The variable-regions of TCRα and β chains from individual cells were sequentially inserted into a modified TCR-pMSCVII-Ametrine (pMIA) vector. This vector contains a fluorescent reporter cassette (Ametrine: ex.406 em.526) to facilitate the identification of transduced cells, and is compatible with the widely used GFP reporter. The original mouse 8-1.1 TCR-pMSCVII-Ametrine (pMIA) vector (Bettini et al., 2014; Lee et al., 2016) was modified by quick change mutagenesis to incorporate the SnabI, SacII, BstbI, and MfeI restriction enzyme cut sites on either side of the TCR α and β variable regions of the encoded ‘placeholder’ TCR.

Purified PCR products from the beta nested reaction and the TCR-pMIA vector were digested with BstbI (NEB #R0519S) and MfeI (NEB #R3589L). The digested PCR products were purified using a DNA purification kit (Zymo Research #11-305C). The digested vector backbone (~ 7500 bp) was gel-purified with a gel DNA purification kit (Zymo Research #11-300). Prior to ligation, the vector backbone was treated with CIP enzyme (NEB #M0290S). Ligation reactions were carried out with the insert at 6 M excess to the vector and <150 ng total DNA. DH5α competent cells (Invitrogen #18265017) were used for transformations. Following sequence confirmation of the inserted beta chain, a similar process was performed for insertion of the alpha variable region. Purified alpha nested PCR products and beta containing TCR vectors were digested with SnabI (NEB #R0130L) and SacII (NEB #R0157S), and ligated.

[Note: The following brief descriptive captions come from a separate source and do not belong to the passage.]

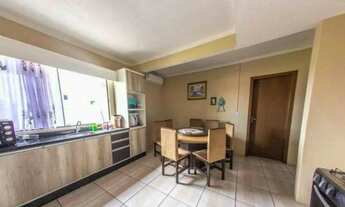 Imagem 7: Sobrado em Rua Perdiz - Aventureiro - Joinville/SC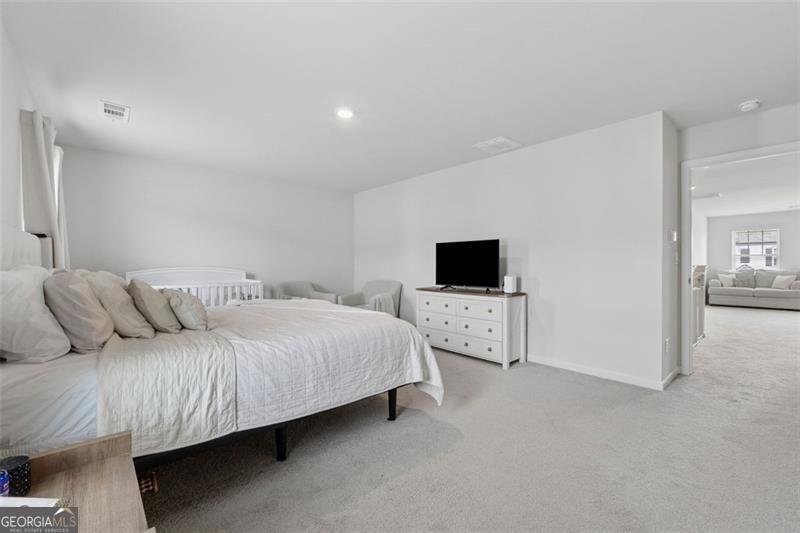 347 Etowah Parkway Dawsonville - 22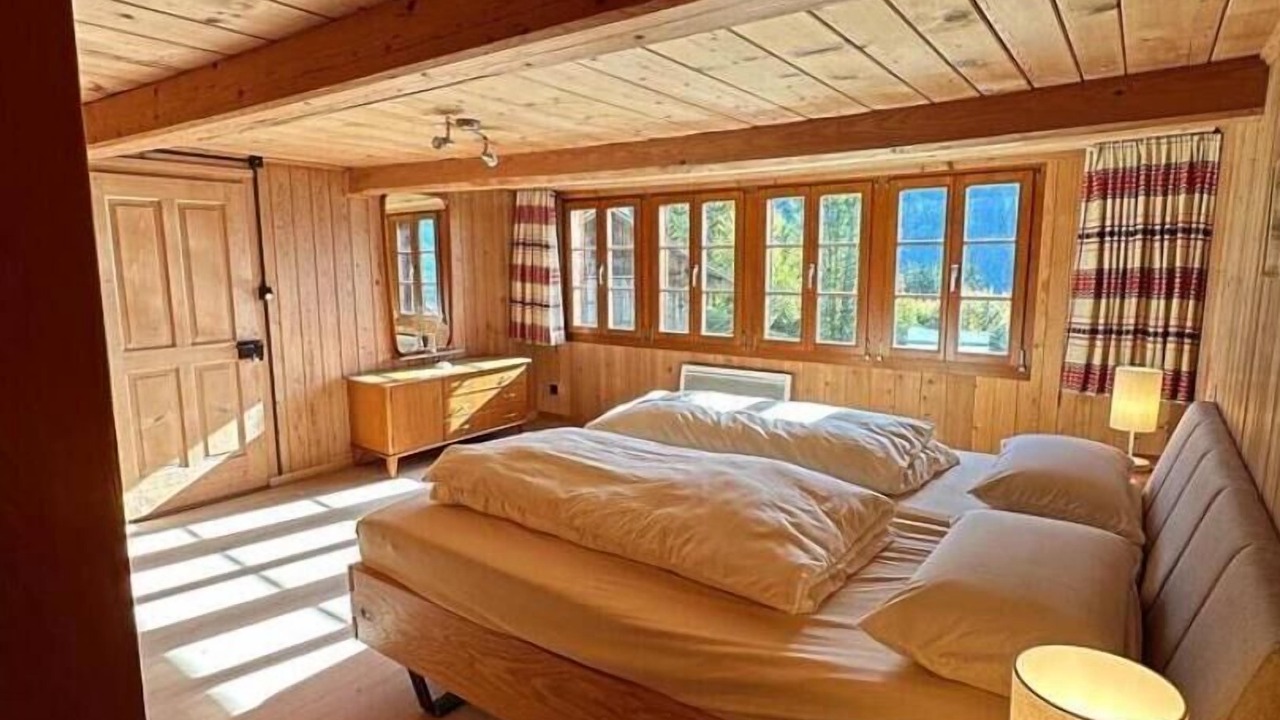 Photo of Others in Schwanden bei Brienz
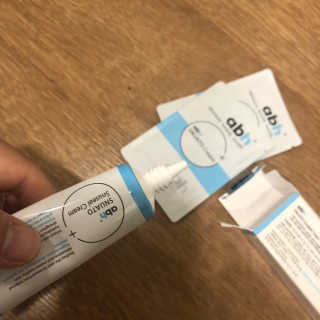 쀼우우님이 올린 리뷰 사진 2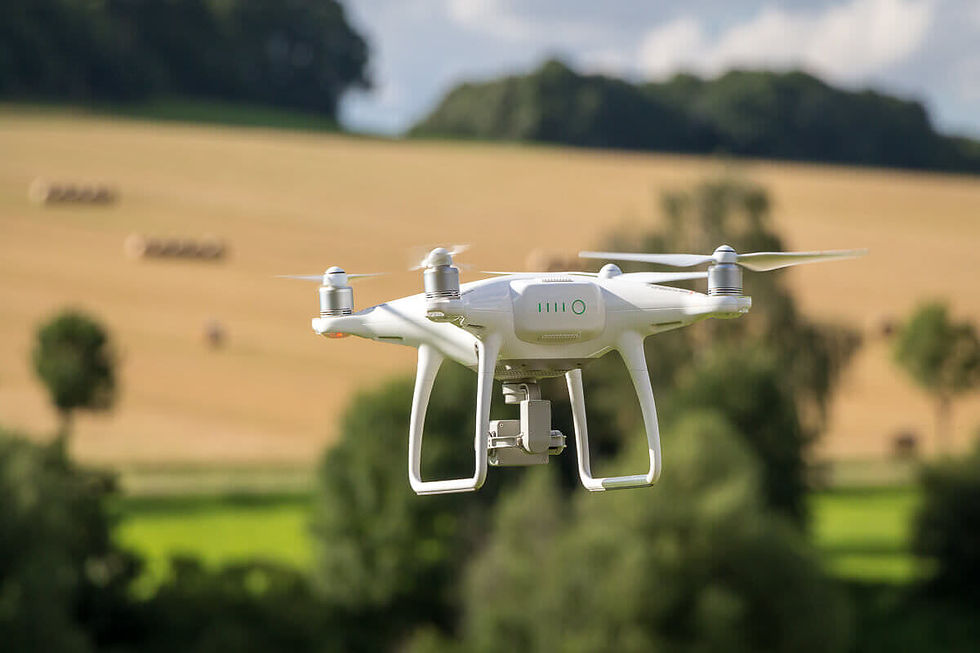 DJI-Phantom-4-Advanced-Pro_Test.jpg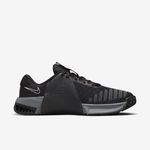 Nike-Metcon-9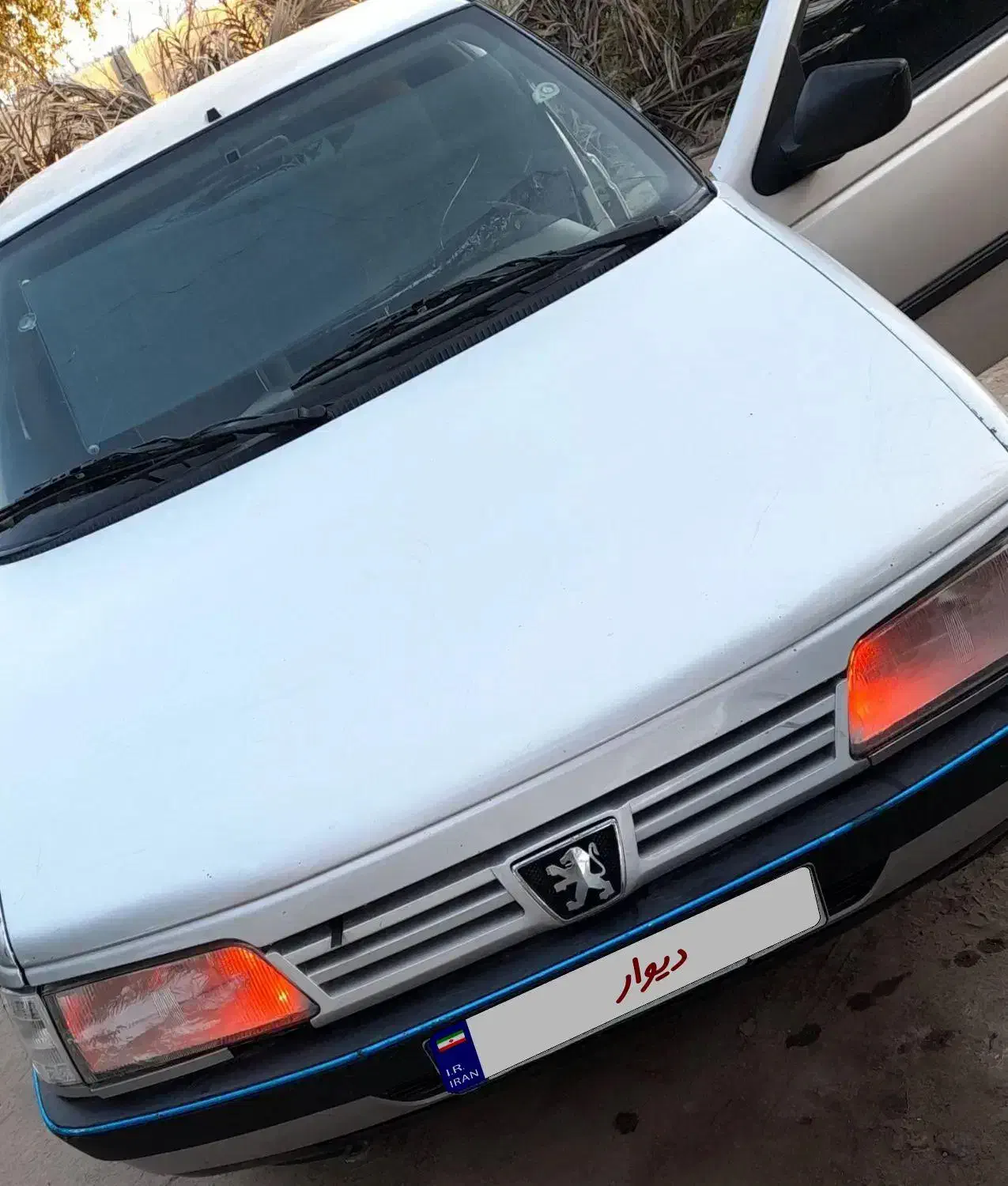 ماشین|خودرو سواری و وانت|جیرفت, |دیوار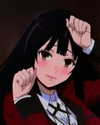 chica.niebla Altpins Profile Picture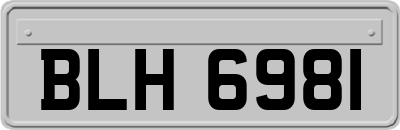 BLH6981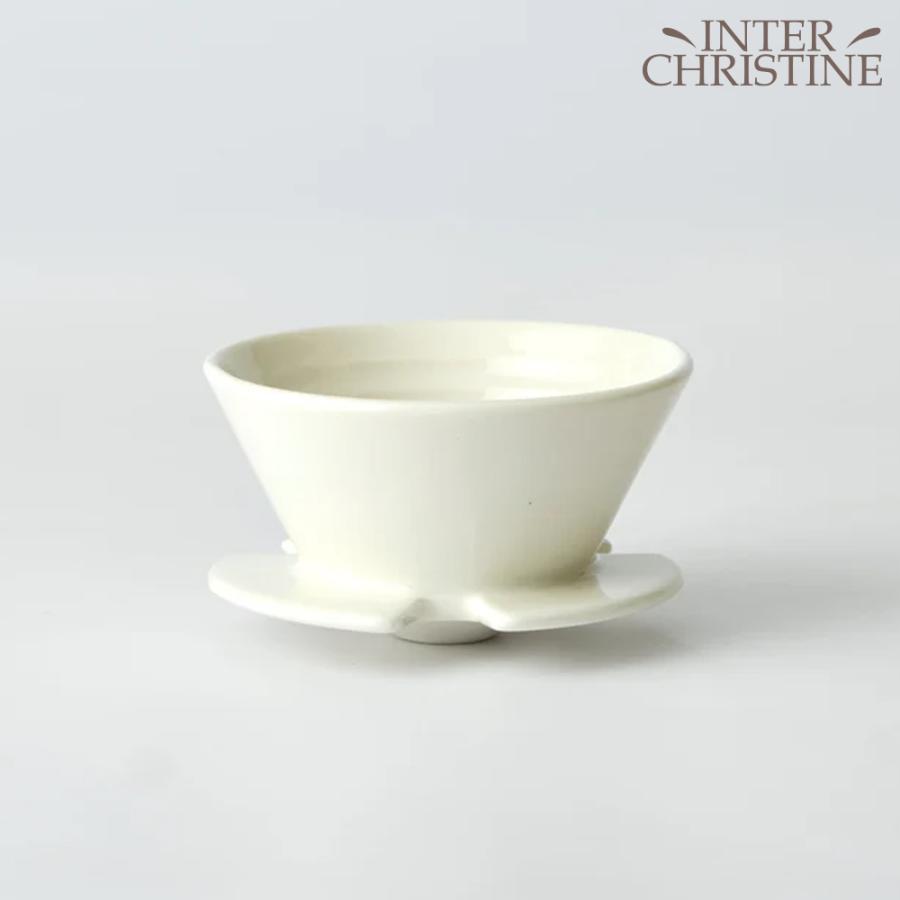 April Ceramic Brewer エイプリル ドリッパー　メーカー公認店 正規販売店 |  | 02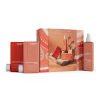 Kevin Murphy Infinite Color Holiday Set (Shampoo 250ml - Conditioner 250ml - Leave-In 150ml)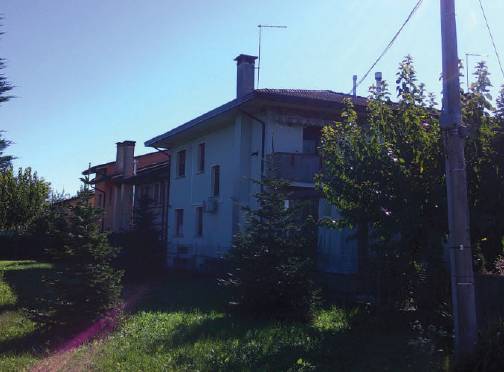  - foto 4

Stable retroviral producer cell lines were generated as previously described (Holst et al., 2006a). Briefly, HEK293T cells were plated in 10 cm culture plates at 2 × 106 cells/plate in 10 mL 5% FCS complete DMEM (C-DMEM) (2 mM L-glutamine, 1 mM sodium pyruvate, 100 μM MEM nonessential amino acids, 5 mM HEPES, 5.5 × 10−5 units of 2-mercaptoethanol, 100 U mL−1 penicillin and 100 μg mL−1 streptomycin) tissue culture medium in a 10 cm tissue culture treated plate. HEK293T cells were transfected 24 h later with 4 μg chimeric-TCR-pMIA vector, 4 μg pEQ-Pam3(-E) packaging vector, and 2 μg pVSVg envelope vector using TransIt 293T transfection reagent (Mirus #MIR2700). HEK293T cells were incubated overnight at 37 °C. After 24 h the media was removed and replaced with 5% FCS C-DMEM. GP + E-86 cells (ATCC®CRL-9642™) were plated at 1 × 105 cells/plate in 10 cm culture plates containing 10 mL 5% FCS C-DMEM tissue culture medium. After 24 h, supernatant from the HEK293T cells was transferred through 0.45 μm filters to the GP + E-86 cells. Supernatant transfer was performed every 12 h for 3 days. The top 40% of Ametrine+ GP + E-86 cells were sorted by FACS.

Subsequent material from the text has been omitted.